Quem presenciou a forte ventania em alguns pontos da cidade do Rio na última quarta-feira se assustou, o que movimentou as redes sociais. Muitos a classificaram como "ciclone", "furacão" e até o prefeito do Rio disse que foi "quase um tufão", pois o vento chegou a mais de 110 km/h na estação do Forte de Copacabana, do Instituto Nacional de Meteorologia (Inmet), mas a possibilidade de tais fenômenos foram descartadas.

"Não, não é ciclone, nem tufão. São estruturas totalmente diferentes. O que causou as fortes chuva e vento foi a presença da baixa pressão em altos níveis da atmosfera, reforçando o canal de umidade na superfície. Isso aumentou as nuvens mais carregadas entre o oceano, no Rio de Janeiro, até o Sul da Amazônia", disse o meteorologista Thiago Sousa, do Inmet.




Segundo o especialista, apesar do estrago causado, com ao menos cinco mortes, e o susto gerado na população, Sousa explica que esse tipo de tempestade é típica do verão.

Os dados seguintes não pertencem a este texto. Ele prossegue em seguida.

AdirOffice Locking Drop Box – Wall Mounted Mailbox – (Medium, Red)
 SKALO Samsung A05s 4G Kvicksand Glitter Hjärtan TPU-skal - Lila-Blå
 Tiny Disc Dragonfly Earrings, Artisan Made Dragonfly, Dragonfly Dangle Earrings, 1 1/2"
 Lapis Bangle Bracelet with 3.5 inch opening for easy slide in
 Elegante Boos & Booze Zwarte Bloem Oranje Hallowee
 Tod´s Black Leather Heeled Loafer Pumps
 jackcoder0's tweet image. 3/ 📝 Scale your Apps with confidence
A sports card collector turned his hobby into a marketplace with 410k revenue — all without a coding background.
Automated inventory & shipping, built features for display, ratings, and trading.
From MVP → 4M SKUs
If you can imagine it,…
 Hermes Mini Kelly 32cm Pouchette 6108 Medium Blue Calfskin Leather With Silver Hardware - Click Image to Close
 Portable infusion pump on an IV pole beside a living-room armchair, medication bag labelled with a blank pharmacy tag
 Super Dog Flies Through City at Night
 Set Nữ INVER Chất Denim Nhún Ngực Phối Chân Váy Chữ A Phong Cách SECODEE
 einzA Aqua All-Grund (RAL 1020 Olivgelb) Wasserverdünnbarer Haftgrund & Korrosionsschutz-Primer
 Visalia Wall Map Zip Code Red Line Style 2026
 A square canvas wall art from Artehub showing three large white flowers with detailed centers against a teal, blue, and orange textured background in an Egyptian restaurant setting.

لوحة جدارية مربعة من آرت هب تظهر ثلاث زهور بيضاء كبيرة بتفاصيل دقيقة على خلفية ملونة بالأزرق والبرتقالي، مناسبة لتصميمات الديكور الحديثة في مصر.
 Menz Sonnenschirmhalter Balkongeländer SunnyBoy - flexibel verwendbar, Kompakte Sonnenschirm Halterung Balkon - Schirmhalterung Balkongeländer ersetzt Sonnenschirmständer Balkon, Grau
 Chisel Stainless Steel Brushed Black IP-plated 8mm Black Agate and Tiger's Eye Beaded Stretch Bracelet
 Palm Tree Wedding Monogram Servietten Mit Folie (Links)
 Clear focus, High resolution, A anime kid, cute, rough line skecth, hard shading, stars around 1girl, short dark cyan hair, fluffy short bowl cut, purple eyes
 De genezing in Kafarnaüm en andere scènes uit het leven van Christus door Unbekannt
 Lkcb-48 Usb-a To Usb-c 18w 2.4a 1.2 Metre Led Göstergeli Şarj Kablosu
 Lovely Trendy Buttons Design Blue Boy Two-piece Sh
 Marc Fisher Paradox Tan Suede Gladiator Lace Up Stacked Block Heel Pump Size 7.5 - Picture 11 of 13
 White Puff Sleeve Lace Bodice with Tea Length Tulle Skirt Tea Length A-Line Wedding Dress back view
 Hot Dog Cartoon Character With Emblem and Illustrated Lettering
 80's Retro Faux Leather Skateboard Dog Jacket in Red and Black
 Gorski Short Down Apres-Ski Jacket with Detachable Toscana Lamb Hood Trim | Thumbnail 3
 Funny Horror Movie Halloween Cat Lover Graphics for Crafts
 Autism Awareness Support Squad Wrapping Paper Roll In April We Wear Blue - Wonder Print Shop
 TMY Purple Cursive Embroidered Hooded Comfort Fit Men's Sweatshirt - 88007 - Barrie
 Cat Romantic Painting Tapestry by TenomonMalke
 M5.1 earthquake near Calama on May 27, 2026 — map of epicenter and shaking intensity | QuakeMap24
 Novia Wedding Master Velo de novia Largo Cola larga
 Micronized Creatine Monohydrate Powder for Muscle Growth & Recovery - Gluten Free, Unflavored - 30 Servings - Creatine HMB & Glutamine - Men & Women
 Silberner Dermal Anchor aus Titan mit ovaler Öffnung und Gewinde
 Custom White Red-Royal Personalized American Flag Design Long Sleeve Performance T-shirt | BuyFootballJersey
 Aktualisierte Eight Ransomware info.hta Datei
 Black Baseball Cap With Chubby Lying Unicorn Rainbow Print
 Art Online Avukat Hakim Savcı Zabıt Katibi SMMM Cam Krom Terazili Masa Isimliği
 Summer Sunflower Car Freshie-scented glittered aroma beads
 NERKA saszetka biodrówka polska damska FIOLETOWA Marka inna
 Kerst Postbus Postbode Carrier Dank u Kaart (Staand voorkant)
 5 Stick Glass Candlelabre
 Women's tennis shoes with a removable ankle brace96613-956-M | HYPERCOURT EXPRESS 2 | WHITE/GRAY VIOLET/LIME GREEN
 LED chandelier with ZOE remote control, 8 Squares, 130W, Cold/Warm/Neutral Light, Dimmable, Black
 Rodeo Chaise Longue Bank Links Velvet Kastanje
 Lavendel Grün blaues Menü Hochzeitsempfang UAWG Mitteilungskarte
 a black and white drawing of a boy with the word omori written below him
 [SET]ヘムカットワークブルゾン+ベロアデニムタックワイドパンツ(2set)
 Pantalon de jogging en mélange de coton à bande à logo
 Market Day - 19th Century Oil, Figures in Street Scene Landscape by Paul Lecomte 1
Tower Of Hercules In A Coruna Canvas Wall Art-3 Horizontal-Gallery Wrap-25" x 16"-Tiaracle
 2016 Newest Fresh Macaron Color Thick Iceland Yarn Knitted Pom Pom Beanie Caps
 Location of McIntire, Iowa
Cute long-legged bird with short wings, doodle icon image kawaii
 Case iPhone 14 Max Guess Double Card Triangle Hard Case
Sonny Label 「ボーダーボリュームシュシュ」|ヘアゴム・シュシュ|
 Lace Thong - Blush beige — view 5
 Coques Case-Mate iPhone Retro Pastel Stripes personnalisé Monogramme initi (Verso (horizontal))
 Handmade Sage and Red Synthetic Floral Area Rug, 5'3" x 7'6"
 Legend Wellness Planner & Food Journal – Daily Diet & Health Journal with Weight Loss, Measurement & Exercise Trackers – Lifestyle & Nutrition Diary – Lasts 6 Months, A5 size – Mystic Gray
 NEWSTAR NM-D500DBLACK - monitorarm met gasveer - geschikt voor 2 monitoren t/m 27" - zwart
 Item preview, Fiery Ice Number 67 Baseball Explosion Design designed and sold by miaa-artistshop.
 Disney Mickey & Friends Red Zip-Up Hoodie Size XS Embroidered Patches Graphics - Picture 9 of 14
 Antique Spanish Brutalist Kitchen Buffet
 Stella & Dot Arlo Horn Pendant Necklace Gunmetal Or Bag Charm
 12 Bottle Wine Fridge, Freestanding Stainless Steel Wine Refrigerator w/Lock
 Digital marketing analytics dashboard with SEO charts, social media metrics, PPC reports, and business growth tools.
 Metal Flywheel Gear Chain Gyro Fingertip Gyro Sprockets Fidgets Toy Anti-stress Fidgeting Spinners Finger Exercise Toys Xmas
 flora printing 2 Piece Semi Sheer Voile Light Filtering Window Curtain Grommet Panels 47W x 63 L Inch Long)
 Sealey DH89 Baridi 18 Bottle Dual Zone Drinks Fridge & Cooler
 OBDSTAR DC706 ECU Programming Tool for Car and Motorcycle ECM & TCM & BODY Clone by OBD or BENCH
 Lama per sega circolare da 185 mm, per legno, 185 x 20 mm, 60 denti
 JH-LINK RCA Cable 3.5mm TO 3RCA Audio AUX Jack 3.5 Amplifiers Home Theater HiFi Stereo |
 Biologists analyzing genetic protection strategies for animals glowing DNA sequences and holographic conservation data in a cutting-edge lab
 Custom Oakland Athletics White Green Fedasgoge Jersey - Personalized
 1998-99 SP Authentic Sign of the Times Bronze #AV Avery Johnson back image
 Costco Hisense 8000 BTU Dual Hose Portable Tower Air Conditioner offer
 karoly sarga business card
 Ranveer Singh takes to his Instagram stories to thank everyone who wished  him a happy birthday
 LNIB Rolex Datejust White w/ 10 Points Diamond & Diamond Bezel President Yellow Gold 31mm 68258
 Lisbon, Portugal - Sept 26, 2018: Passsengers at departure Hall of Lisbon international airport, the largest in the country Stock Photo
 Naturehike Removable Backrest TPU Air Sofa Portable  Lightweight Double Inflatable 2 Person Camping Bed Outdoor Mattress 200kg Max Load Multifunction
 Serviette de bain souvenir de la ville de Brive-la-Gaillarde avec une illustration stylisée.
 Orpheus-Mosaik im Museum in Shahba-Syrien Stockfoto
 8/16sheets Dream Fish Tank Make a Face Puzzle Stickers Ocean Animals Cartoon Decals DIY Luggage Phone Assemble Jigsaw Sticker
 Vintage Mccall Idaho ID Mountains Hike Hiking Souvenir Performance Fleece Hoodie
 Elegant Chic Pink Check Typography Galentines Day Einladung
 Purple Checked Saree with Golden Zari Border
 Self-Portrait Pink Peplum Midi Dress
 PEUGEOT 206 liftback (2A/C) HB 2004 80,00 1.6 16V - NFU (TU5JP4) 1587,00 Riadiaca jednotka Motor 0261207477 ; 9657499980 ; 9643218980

Entretanto, o mês de fevereiro começa atípico, com muita chuva e atingindo índices históricos.

Ao contrário da forte tempestade que ocorreu no Rio, ciclone, furacão e tufão — estes dois últimos, dois subtipos de ciclone — são fenômenos bem diferentes, caracterizados pela forte onda de ventos em formato giratório ou circular, que causam muita destruição.

Chuva acima da média para o mês de fevereiro


Dados do Centro de Operações da Prefeitura do Rio (COR) apontam que, entre 18h e meia-noite desta quarta-feira, choveu mais do que a média de chuva esperada para fevereiro nas estações Vidigal (161,2 mm), Rocinha (164 mm) e Jardim Botânico (142, 6 mm).

Em Copacabana (83,4 mm) e na Barra/Riocentro (112 mm) choveu nesse período o equivalente a média histórica de fevereiro — 82,8% e 111,4%. Segundo o meteorologista do Inmet, a estação do Alto da Boa Vista do instituto registrou um acumulado de 143,6 mm durante o temporal, o que representa 85% da chuva esperada para todo o mês de fevereiro na região.